Designing the Data Layer

By Sven Groot

One of the first things we realised is that when you are going to create a program that looks up tunes in a database you are going to need a database. By going with a traditional three-tiered approach we chose to have our data layer (third tier or the back end) interchangable. This is important, because while we don't foresee large amounts of data during our own development and testing, this could theoretically be needed at some point in the future. This approach allows us to write a relatively simple data layer, which doesn't need a database server, ODBC drivers, a DSN, and whatever else, while still allowing such a more scalable solution to be developed at a later date.

The solution we chose for our own "database" is to use XML files. XML files are easy to create, maintain and program against, and I have a large amount of experience in doing so. Our platform of choice would be Microsoft XML Core Services 4.0 (MSXML).

What I then envisioned is this: a system that would allow the user (programmer using the data layer) to access the songs in sequence using the iterator paradigm defined by the C++ Standard Template Library. This is sufficient, because we will always use a forward-only scan through the database, computing the distance between the Parsons Code the user provided and the Parsons Code in the database for each entry.

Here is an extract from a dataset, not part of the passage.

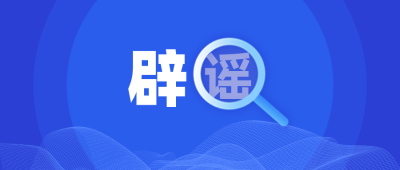 辟谣科普放大镜简约渐变公众号首图 模板ID:3233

For performance reasons, I wanted to scan through the XML files, reading and parsing elements only when they were requested by the iterator class. This is a highly scalable approach, as it requires no more memory than keeping any single song related data (parsons code, title, etc) in memory. I knew that such functionality was readily available in MSXML. Or so I thought!

As it turns out, I was confusing a few things. What would be needed for my approach is a pull-model reader that parses individual elements based on calls by the user, keeps no context (it doesn't build an internal tree) and doesn't parse ahead in the file. Such a parser exists, and it is even written by Microsoft. But it's implemented in the System.Xml.XmlTextReader class from the Microsoft .Net Framework, not in MSXML!

Which left two alternatives: using a different parser than MSXML, or a pre-load the entire XML file. Because I didn't feel like learning the ins and outs of a new parser, I decided on the latter. Because creating a DOM (Document Object Model) wastes a lot of memory, I decided instead to rely on on SAX (Simple API for XML), specifically the SAX2 implementation provided by MSXML4. SAX defines a push-model (event based) reader that keeps no context. It is in fact quite like what I originally wanted, but because it is a push-model parser it can't wait for external input to continue reading, but has to process the whole document at once.

By handling SAX events, I then fill a std::list with SONG objects. This has the disadvantage that you have to keep all songs in memory, but because far less data is stored than for a DOM, it is still more acceptable than using the XMLDOMDocument class.

Of course, a std::list defines a bidirectional iterator, while my original approach would only have allowed an input iterator. I have specifically chosen not to use this more flexible iterator type myself, because it's not really necessary for our search algorithm, and allows the possibility of adding a different data layer (for instance, one developed using Microsoft .Net using aforementioned XmlReader class) that would need such constraints.